The idea behind the book is that it is a book of various cultures for your martial characters. But this isn’t just a book of fluff, it also features background benefits, feats, class features and powers.
These are cultures that can be dropped into literally any campaign setting and used as is, simply incorporating in the history of the world to make it match their specific culture.
The first group featured is known as the Daikort Pack, a band of nomad mercenaries who are willing to do whatever it takes to get the job done. Their allegiances change as often as their camp. The book states that the recruits the Daikort take in are either “the best of the best, or the worst of the worst, depending on who you believe.”
The Daikort will take in anyone who is good enough to make the cut, regardless of race or sex. Most often, members of the Pack are either Rangers or Warlords.
There are some pretty cool Utility powers for Rangers and Warlords for you to use, includimg my favorite of the bunch, Turn the Tables, a 10th level Warlord power which allows you to use it to cancel out you and any ally’s ability to be surprised who is within Range 10, as well as a few other bonuses.
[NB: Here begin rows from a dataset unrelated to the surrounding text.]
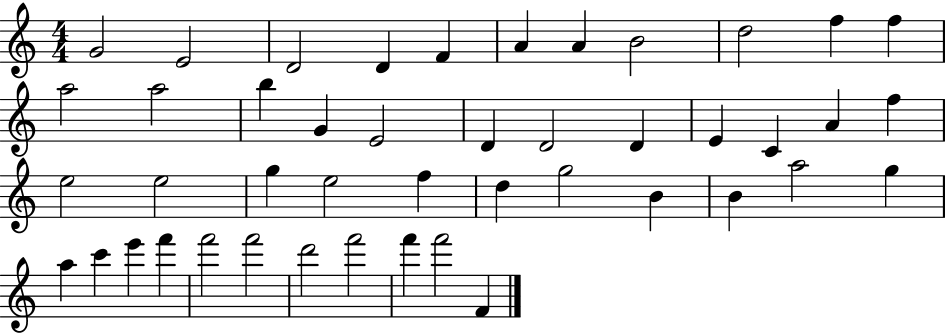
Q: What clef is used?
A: treble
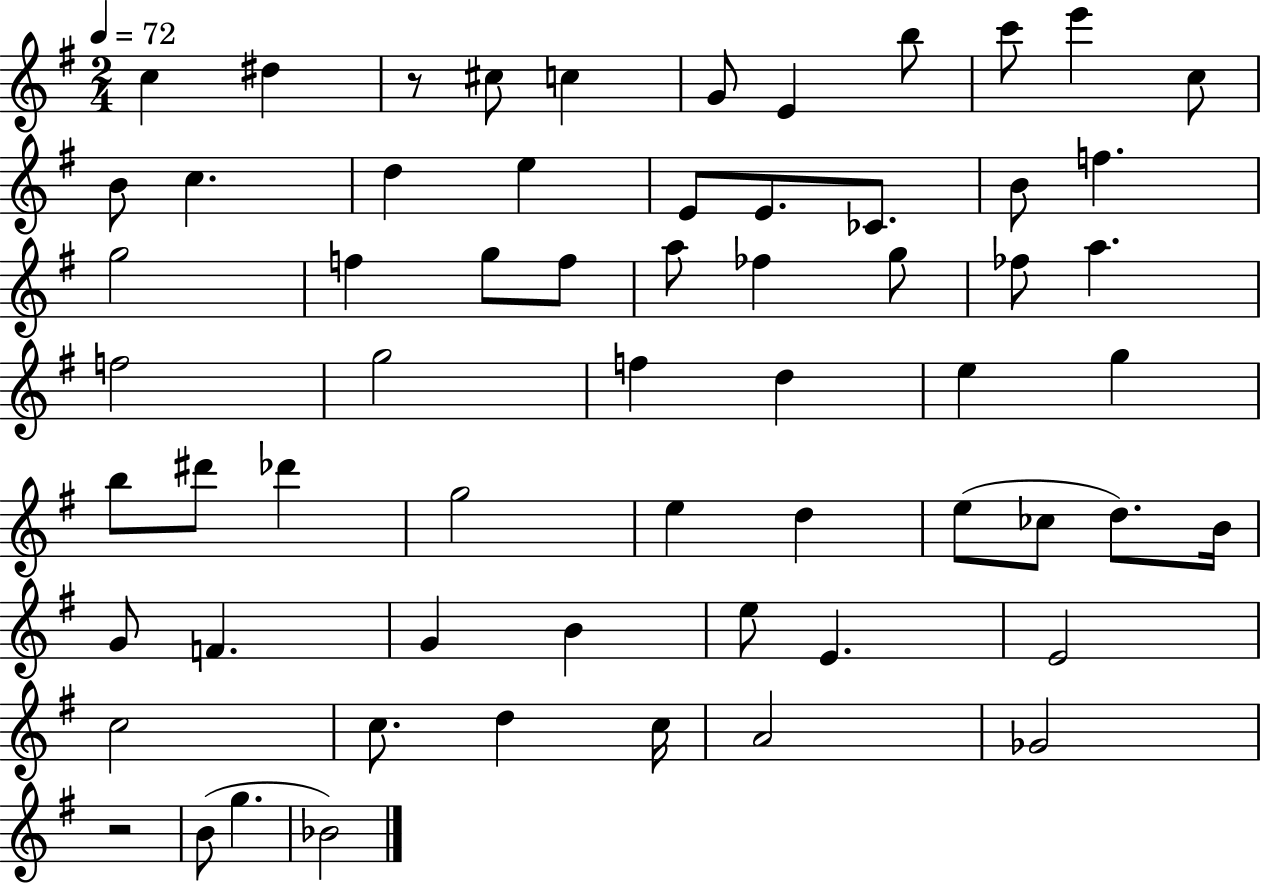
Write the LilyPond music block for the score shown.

{
  \clef treble
  \numericTimeSignature
  \time 2/4
  \key g \major
  \tempo 4 = 72
  c''4 dis''4 | r8 cis''8 c''4 | g'8 e'4 b''8 | c'''8 e'''4 c''8 | \break b'8 c''4. | d''4 e''4 | e'8 e'8. ces'8. | b'8 f''4. | \break g''2 | f''4 g''8 f''8 | a''8 fes''4 g''8 | fes''8 a''4. | \break f''2 | g''2 | f''4 d''4 | e''4 g''4 | \break b''8 dis'''8 des'''4 | g''2 | e''4 d''4 | e''8( ces''8 d''8.) b'16 | \break g'8 f'4. | g'4 b'4 | e''8 e'4. | e'2 | \break c''2 | c''8. d''4 c''16 | a'2 | ges'2 | \break r2 | b'8( g''4. | bes'2) | \bar "|."
}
The Elessim are known as the “people of the horse”. They are a proud, noble culture, who believe that there is no better life than on the back of a horse. Their villages are small, surrounded by vast grazing land. The people have no written language and are seen by some as primitive and poor.
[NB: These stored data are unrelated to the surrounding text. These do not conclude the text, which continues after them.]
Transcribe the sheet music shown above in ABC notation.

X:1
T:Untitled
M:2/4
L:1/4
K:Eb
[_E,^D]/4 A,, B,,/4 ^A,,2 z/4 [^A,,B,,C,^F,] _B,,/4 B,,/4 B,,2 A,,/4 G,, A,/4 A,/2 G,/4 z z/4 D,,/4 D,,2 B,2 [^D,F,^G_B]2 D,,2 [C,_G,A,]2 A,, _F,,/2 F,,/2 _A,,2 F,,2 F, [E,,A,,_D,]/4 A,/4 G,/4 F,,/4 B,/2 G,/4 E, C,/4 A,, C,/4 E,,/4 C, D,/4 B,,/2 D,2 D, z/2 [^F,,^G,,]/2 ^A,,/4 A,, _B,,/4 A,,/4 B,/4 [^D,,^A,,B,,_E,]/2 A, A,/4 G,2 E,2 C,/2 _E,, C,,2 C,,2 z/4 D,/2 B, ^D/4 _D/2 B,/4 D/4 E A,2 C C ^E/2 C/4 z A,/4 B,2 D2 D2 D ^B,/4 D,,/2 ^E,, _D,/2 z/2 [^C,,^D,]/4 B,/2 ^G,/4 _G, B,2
The book advises you to use Eladrin, Elves, Half-Elves, Halflings or Humans for your Elessim culture.
The Elesim are most commonly Fighters and Rangers, of which there are Utility powers to match.
The Ikanoi are very similar to the Inuit of North America, living in the snow and ice of the bitter north. They cover themselves in tattoos from head to foot, each tattoo telling stories about their cultures and tribes, as well as their ancestors. Each part of their body tells the story of something else. Very fascinating and adds a lot of deep backstory to your character.
It is advised you play the Ikanoi as Dragonborn, Dwarves, Half-Elves and Humans. I thought the idea of playing a Dragonborn Ikanoi as an excellent and unique idea.
In this chapter, all four Martial Classes are given a nod, each being given three Utility powers to choose, as well as feats.
If I were to choose a favorite culture in the book, the Ikanoi would be it.
The Legions of Arytis are a very Romanesque culture, in which every citizen becomes a member of the Legion, known for their Rogues and Fighters. They are a mixed lot of races, who are not highly spiritual, and instead worship the spirit of the city itself.
The Sijara are another nomad culture, reminiscent of Gypsies. They look disdainfully on the “Bound People”, those who live in one spot. They travel in family groups, “ranging anywhere from small troupes of three or four to huge extended families with members numbering in the dozens”.
The Sijara wear their wealth through jewelry and ornate weapons. The book says that a “quick glance at a Sijara’s many earrings is usually enough to determine his or her current monetary situation”.
The Sijara are most often Rogues and Warlords.
This is my second favorite culture in the book, as I was looking, in the past, at playing a gypsy character in 4e.
In the future, I’d love to see “Arcane Flavor”, “Divine Flavor”, “Primal Flavor”, and even “Psionic Flavor”.
Near the back of the book, it mentions that they will be coming out with more books featuring even more details about the five cultures, each book focusing on a specific one of the cultures. I look forward to these as well.
If you are playing 4e right now, I can’t praise this book enough. It’s got everything you need to introduce new and fascinating cultures to your current game.